MATERIALS PROVIDED

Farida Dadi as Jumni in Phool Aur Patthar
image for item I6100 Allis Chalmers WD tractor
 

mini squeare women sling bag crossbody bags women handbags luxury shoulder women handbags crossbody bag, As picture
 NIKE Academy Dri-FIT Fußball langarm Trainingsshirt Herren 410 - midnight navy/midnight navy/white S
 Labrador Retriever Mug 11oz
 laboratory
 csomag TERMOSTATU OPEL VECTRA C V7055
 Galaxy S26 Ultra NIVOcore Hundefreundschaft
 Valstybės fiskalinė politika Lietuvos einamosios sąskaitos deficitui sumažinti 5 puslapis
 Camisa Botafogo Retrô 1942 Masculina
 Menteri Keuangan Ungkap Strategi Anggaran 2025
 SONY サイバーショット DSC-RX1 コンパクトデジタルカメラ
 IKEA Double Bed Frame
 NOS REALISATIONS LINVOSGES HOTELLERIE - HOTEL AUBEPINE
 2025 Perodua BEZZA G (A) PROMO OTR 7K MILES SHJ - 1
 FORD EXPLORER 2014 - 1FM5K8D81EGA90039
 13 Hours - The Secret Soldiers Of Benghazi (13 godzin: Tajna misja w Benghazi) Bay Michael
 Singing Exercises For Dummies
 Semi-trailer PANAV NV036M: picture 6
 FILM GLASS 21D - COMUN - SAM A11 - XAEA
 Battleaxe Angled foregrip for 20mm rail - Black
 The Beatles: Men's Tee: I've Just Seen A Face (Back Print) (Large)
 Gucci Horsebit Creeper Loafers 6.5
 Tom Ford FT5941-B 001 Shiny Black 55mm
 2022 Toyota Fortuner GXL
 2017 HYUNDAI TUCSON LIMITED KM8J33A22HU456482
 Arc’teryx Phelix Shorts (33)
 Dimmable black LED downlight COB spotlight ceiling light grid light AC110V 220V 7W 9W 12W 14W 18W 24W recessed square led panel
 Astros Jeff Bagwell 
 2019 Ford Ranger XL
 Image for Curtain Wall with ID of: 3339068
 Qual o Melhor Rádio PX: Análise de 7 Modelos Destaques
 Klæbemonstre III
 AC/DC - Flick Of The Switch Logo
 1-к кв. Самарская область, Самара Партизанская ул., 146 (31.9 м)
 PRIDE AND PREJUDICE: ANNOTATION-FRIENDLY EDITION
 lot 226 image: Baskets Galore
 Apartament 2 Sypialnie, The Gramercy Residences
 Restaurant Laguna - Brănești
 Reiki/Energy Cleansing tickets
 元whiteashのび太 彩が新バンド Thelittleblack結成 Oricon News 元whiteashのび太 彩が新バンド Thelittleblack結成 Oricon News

PROBLEM
Output all of the data again, exactly.

OUTPUT OF THE EXERCISE
Farida Dadi as Jumni in Phool Aur Patthar
image for item I6100 Allis Chalmers WD tractor
 

mini squeare women sling bag crossbody bags women handbags luxury shoulder women handbags crossbody bag, As picture
 NIKE Academy Dri-FIT Fußball langarm Trainingsshirt Herren 410 - midnight navy/midnight navy/white S
 Labrador Retriever Mug 11oz
 laboratory
 csomag TERMOSTATU OPEL VECTRA C V7055
 Galaxy S26 Ultra NIVOcore Hundefreundschaft
 Valstybės fiskalinė politika Lietuvos einamosios sąskaitos deficitui sumažinti 5 puslapis
 Camisa Botafogo Retrô 1942 Masculina
 Menteri Keuangan Ungkap Strategi Anggaran 2025
 SONY サイバーショット DSC-RX1 コンパクトデジタルカメラ
 IKEA Double Bed Frame
 NOS REALISATIONS LINVOSGES HOTELLERIE - HOTEL AUBEPINE
 2025 Perodua BEZZA G (A) PROMO OTR 7K MILES SHJ - 1
 FORD EXPLORER 2014 - 1FM5K8D81EGA90039
 13 Hours - The Secret Soldiers Of Benghazi (13 godzin: Tajna misja w Benghazi) Bay Michael
 Singing Exercises For Dummies
 Semi-trailer PANAV NV036M: picture 6
 FILM GLASS 21D - COMUN - SAM A11 - XAEA
 Battleaxe Angled foregrip for 20mm rail - Black
 The Beatles: Men's Tee: I've Just Seen A Face (Back Print) (Large)
 Gucci Horsebit Creeper Loafers 6.5
 Tom Ford FT5941-B 001 Shiny Black 55mm
 2022 Toyota Fortuner GXL
 2017 HYUNDAI TUCSON LIMITED KM8J33A22HU456482
 Arc’teryx Phelix Shorts (33)
 Dimmable black LED downlight COB spotlight ceiling light grid light AC110V 220V 7W 9W 12W 14W 18W 24W recessed square led panel
 Astros Jeff Bagwell 
 2019 Ford Ranger XL
 Image for Curtain Wall with ID of: 3339068
 Qual o Melhor Rádio PX: Análise de 7 Modelos Destaques
 Klæbemonstre III
 AC/DC - Flick Of The Switch Logo
 1-к кв. Самарская область, Самара Партизанская ул., 146 (31.9 м)
 PRIDE AND PREJUDICE: ANNOTATION-FRIENDLY EDITION
 lot 226 image: Baskets Galore
 Apartament 2 Sypialnie, The Gramercy Residences
 Restaurant Laguna - Brănești
 Reiki/Energy Cleansing tickets
 元whiteashのび太 彩が新バンド Thelittleblack結成 Oricon News 元whiteashのび太 彩が新バンド Thelittleblack結成 Oricon News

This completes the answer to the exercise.